There are blogs on the web, that are written/configured in a way, that the RSS
or Atom feed contains only a teaser (or no content at all), and one must open
a link to get the real content – and thus load all the crap on the page,
something RSS feeds were designed to avoid. Dittygirl has added one of
those sites in her feed reader, and told me that it takes lots of resources on
her netbook to load the whole page – not to mention the discomfort of leaving
the feed reader.
I accepted the challenge, and decided to write a Python RSS gateway in less
than 30 minutes. I chose plain WSGI, something I wanted to play with, and
this project was a perfect match for its simplicity and lightweightness. Plain
WSGI applications are Python modules with a callable named application
, which
the webserver will call every time, an HTTP request is made. The callable gets
two parameters,
- a dictionary of environment values (including the Path of the query,
IP address of the browser, etc.), and
- a callable, which can be used to signal the web server about the progress.
In this case, the script ignores the path, so only the second parameter is used.

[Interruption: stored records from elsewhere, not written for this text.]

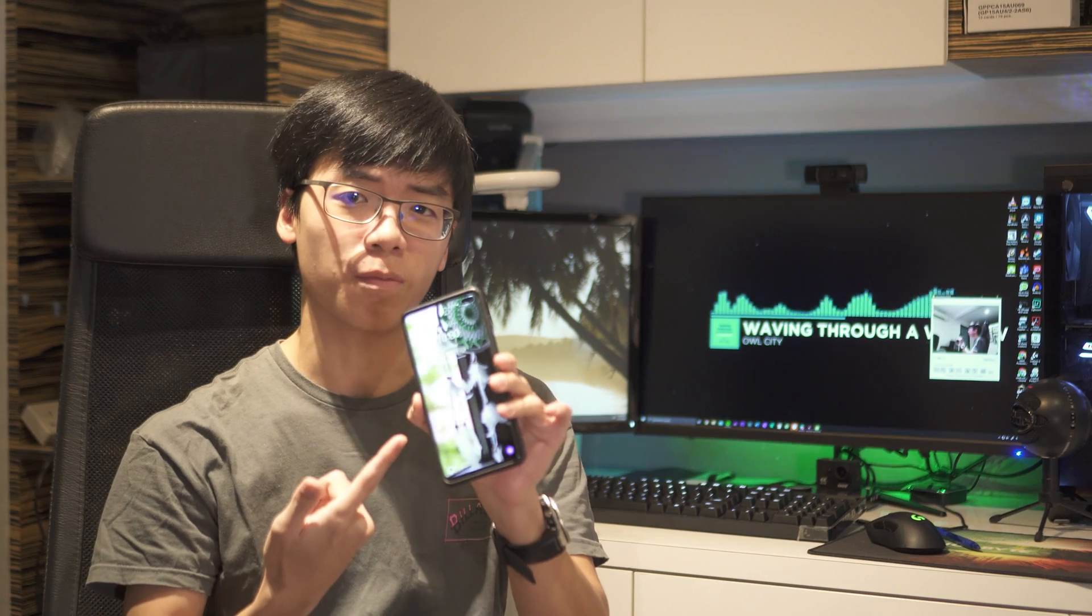However, during this period, stores like Challenger are closed because they're not really considered an essential service. If you're trying to buy a webcam online, it's going to take quite a fair bit of time and money. So why not just use something that you already have on hand, something like your smartphone?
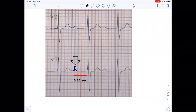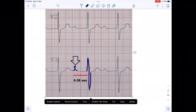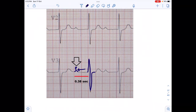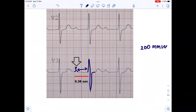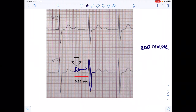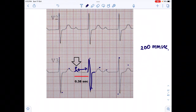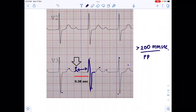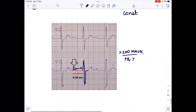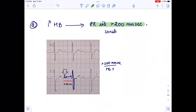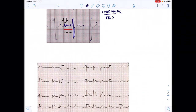On the ECG of first degree heart block, we see the P wave, then R, then S wave. The PR interval is normally between 0.08 to 0.12 seconds, but here it is more than 200 milliseconds. Everything else is normal — PQRST waves are all present with no absent waves. The only finding is PR interval more than 200 milliseconds.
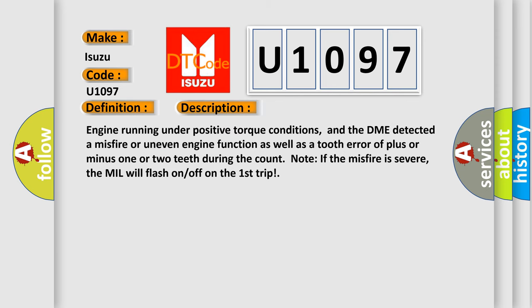And now this is a short description of this DTC code: Engine running under positive torque conditions, and the DME detected a misfire or uneven engine function as well as a tooth error of plus or minus one or two teeth during the count. Note: if the misfire is severe, the MIL will flash on and off on the first trip.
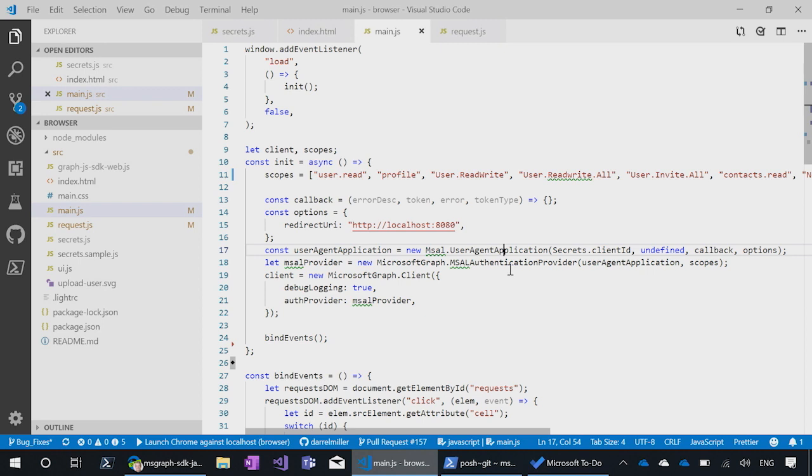And then we have our auth provider, which is an adapter to MSAL and working with the graph. And we'll take care of taking that token, putting it in the right place, and handling certain error codes that come back from MSAL. Just to make life easier.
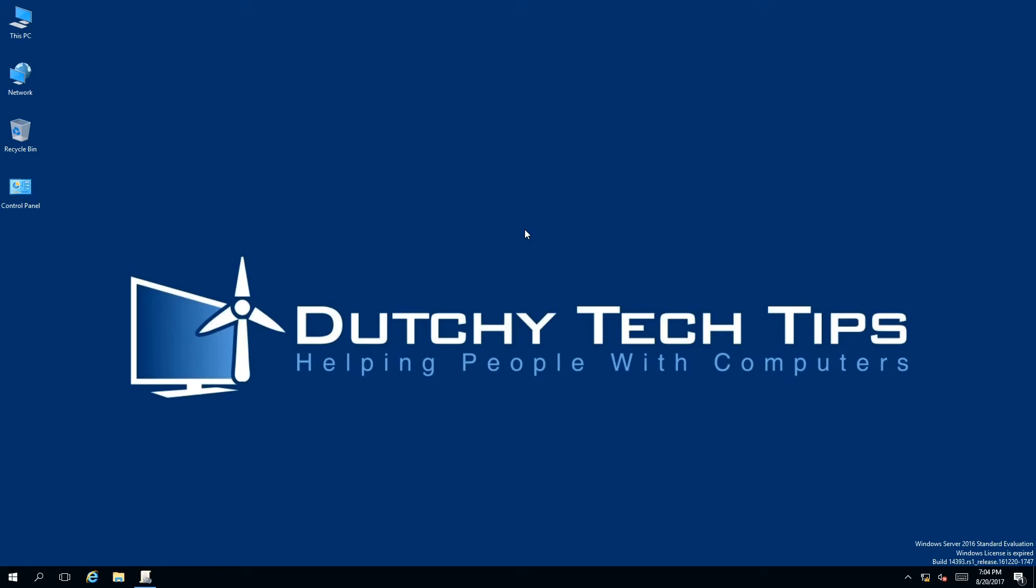To summarize the key point of this video, I have shown you how easy it is to delete a Group Policy in Windows Server 2016. See you next time.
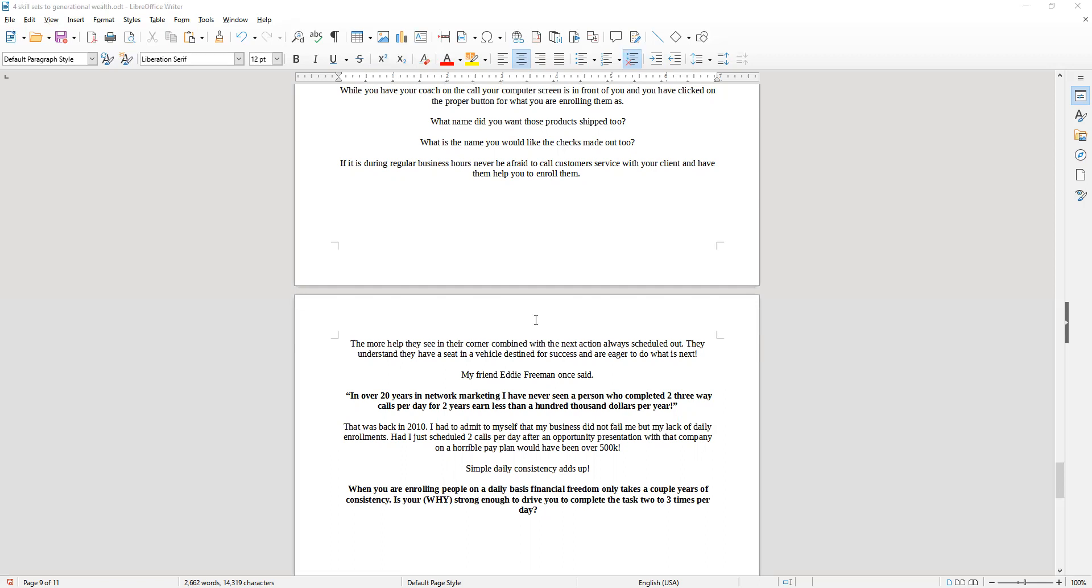Had I just scheduled two calls per day after an opportunity presentation with that company, and they had a horrible pay plan, then it would have still been worth over five hundred thousand dollars that year. You see folks, simple daily consistency adds up. When you're enrolling people on a daily basis, financial freedom only takes a couple of years of consistency.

def application(environ, start_response):
rss = getfeed()
response_headers = [('Content-Type', 'text/xml; charset=UTF-8'),
('Content-Length', str(len(rss)))]
start_response('200 OK', response_headers)
return [rss]
Simple enough, the function emits a successful HTTP status, the necessary
headers, and returns the content. The list (array) format is needed because a
WSGI application can be a generator too (using a yield statement), which can
be handy when rendering larger content, so the server expects an iterable result.
The real “business logic” is in the getfeed
function, which first tries to
load a cache, to avoid abusing the resources of the target server. I chose JSON
as it's included in the standard Python libraries, and easy to debug.
try:
with open(CACHE, 'rb') as f:
cached = json.load(f)
etag = cached['etag']
except:
etag = ''
Next, I load the original feed, using the cached ETag value to encourage
conditional HTTP GET. The urllib2.urlopen
function can operate on a
Request
object, which takes a third parameter, that can be used to add HTTP
headers. If the server responds with a HTTP 304 Not Modified
, urlopen
raises an HTTPError
, and the script knows that the cache can be used.
try:
feedfp = urlopen(Request('http://HOSTNAME/feed/',
None, {'If-None-Match': etag}))
except HTTPError as e:
if e.code != 304:
raise
return cached['content'].encode('utf-8')
I used lxml to handle the contents, as it's a really convenient and fast
library for XML/HTML parsing and manipulation. I compiled the XPath
queries used for every item in the head of the module for performance reasons.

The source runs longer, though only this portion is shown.